WORK TO COMPLETE >> Transcribe the lines below exactly, beginning with the line that holds "Por tener nombre" and ending with the final line, both included. Pictures are to be left out.

Segment Open

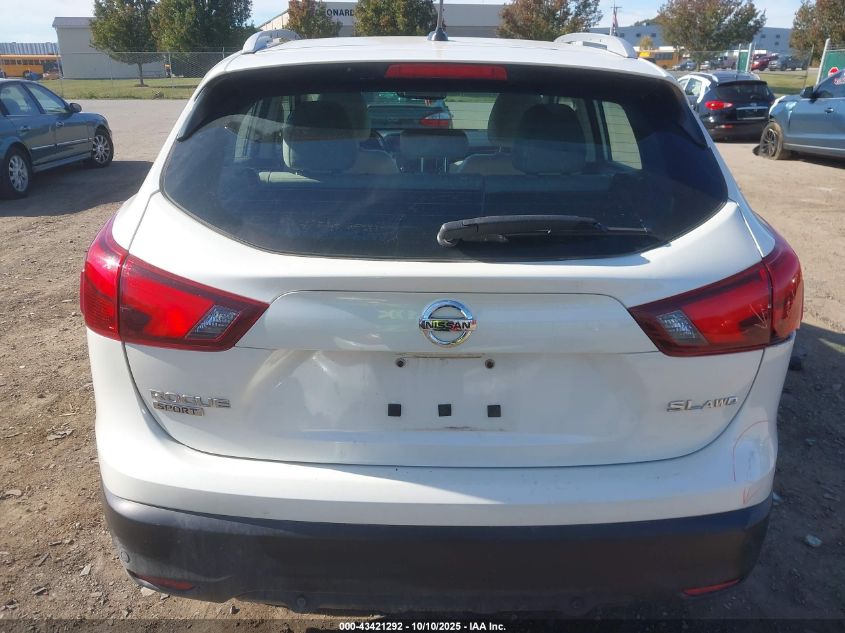 2019 Nissan Rogue Sport Sl VIN: JN1BJ1CR1KW327435 Lot: 43421292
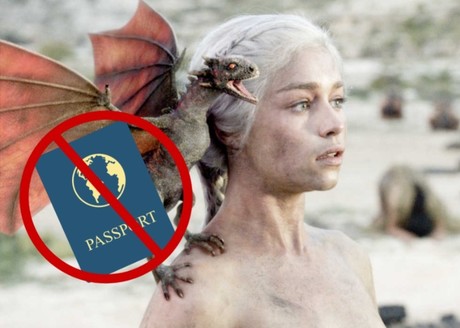 Por tener nombre de la serie 'Game of Thrones', niegan pasaporte a una niña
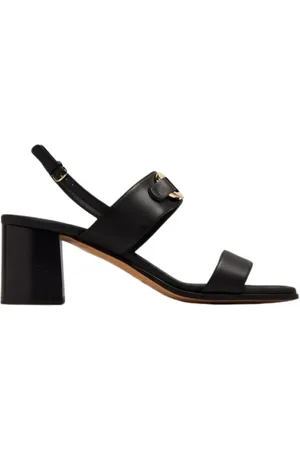 Salvatore Ferragamo Donna, Scarpe, Nero, 38 1/2 EU, new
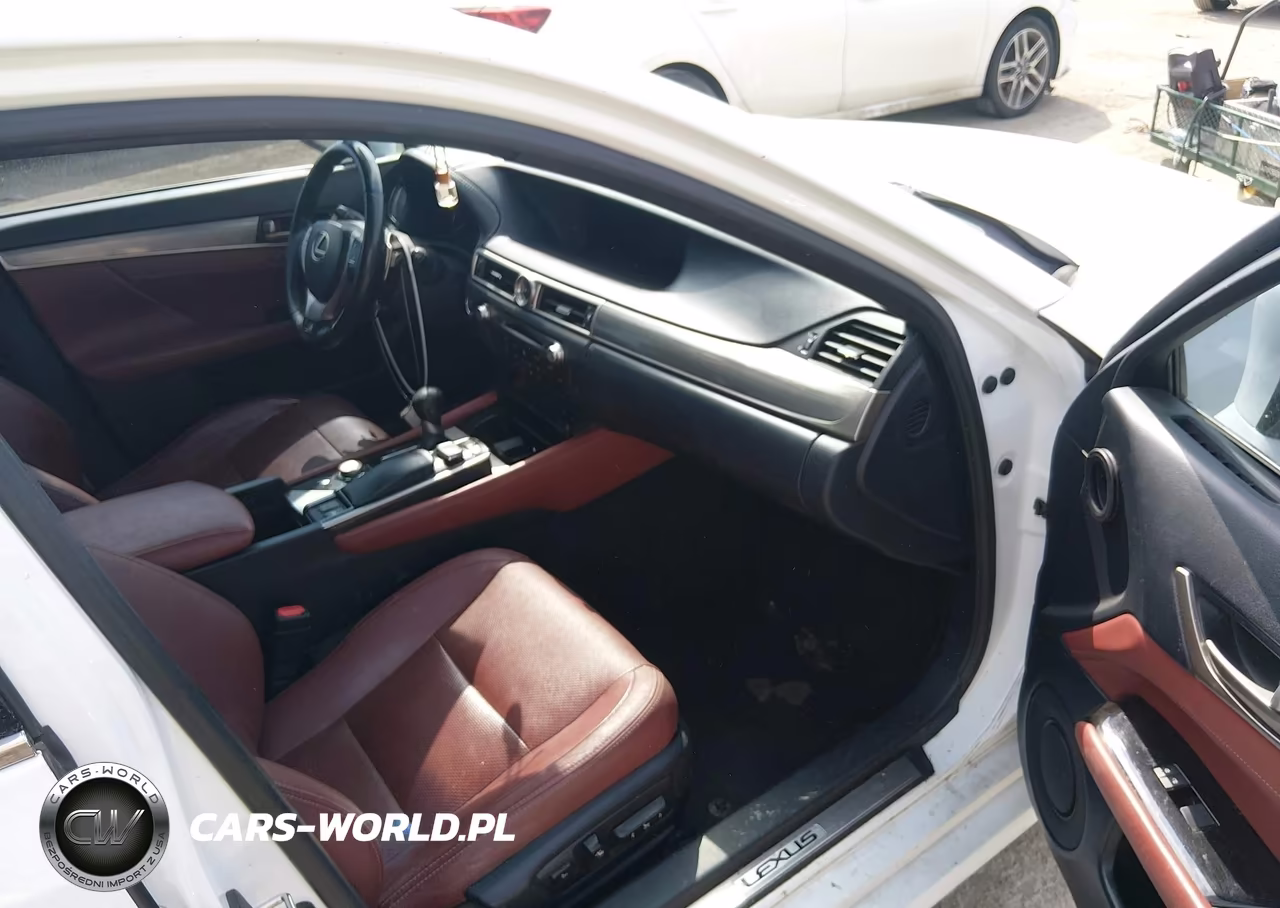 2015 Lexus Gs 350 VIN:JTHBE1BL2FA016497 - 5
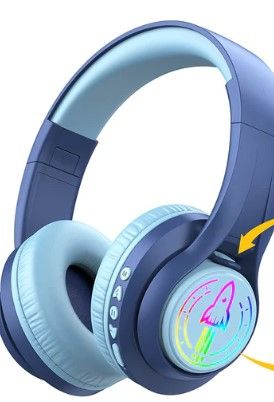 Photo 1 of iClever TransNova Kids Bluetooth Headphones
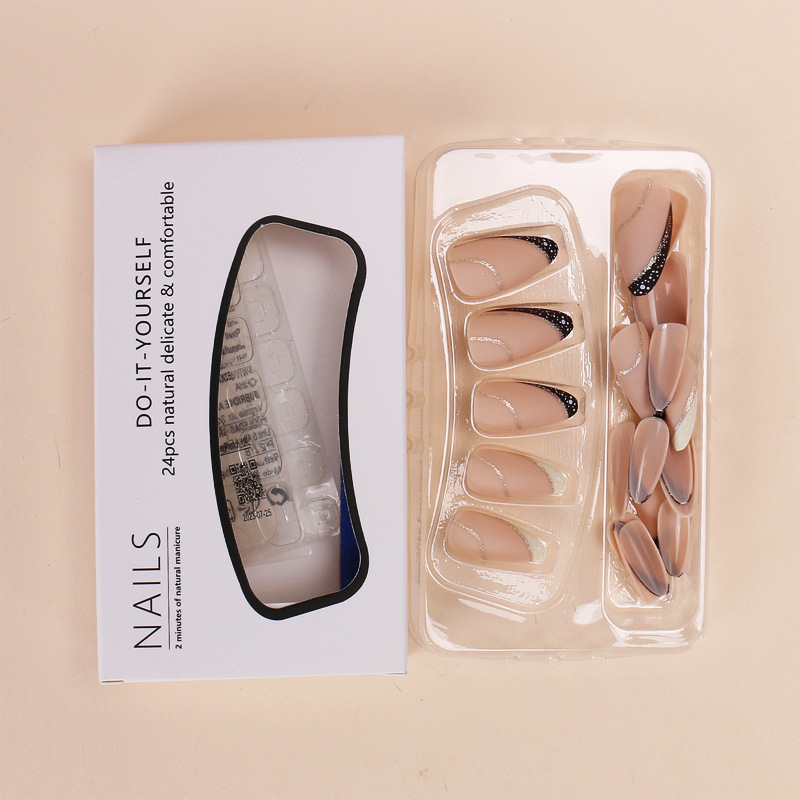 Faux ongles portables de style - Nail Art Fake Nails avis et prix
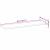 Raft suspendat, 80x20x2 cm, lemn masiv de acacia netratat GartenMobel Dekor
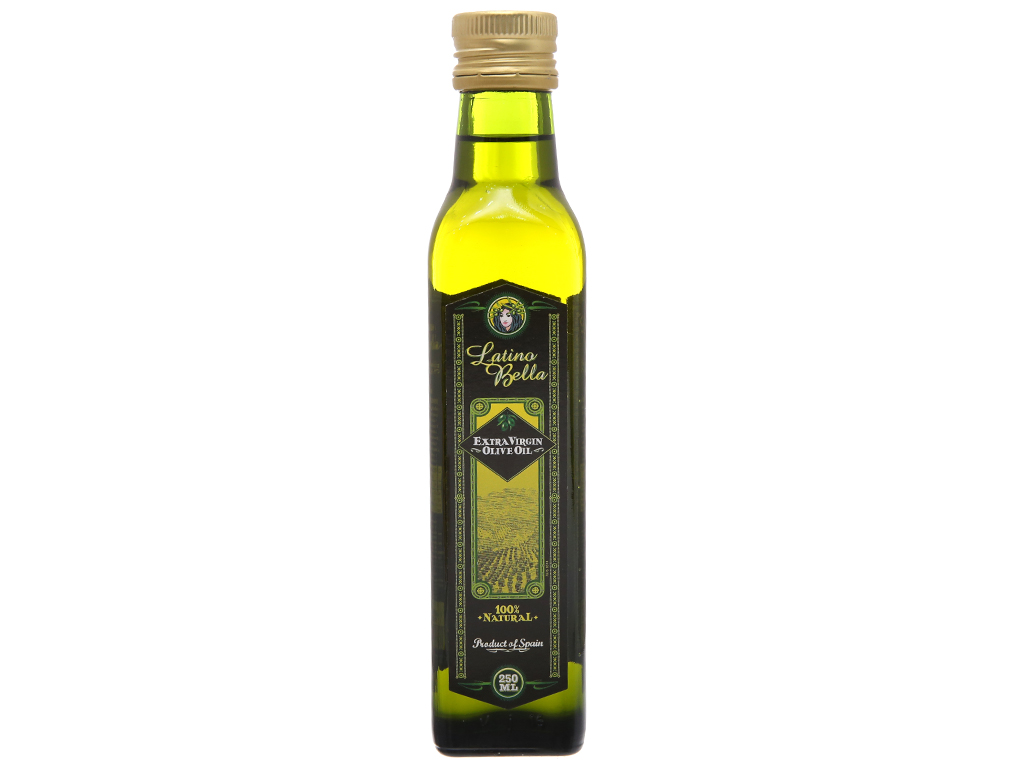 Dầu olive Extra Virgin Latino Bella Chai 250ml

Segment Closed

ANSWER BOX >>
 Por tener nombre de la serie 'Game of Thrones', niegan pasaporte a una niña
 Salvatore Ferragamo Donna, Scarpe, Nero, 38 1/2 EU, new
 2015 Lexus Gs 350 VIN:JTHBE1BL2FA016497 - 5
 Photo 1 of iClever TransNova Kids Bluetooth Headphones
 Faux ongles portables de style - Nail Art Fake Nails avis et prix
 Raft suspendat, 80x20x2 cm, lemn masiv de acacia netratat GartenMobel Dekor
 Dầu olive Extra Virgin Latino Bella Chai 250ml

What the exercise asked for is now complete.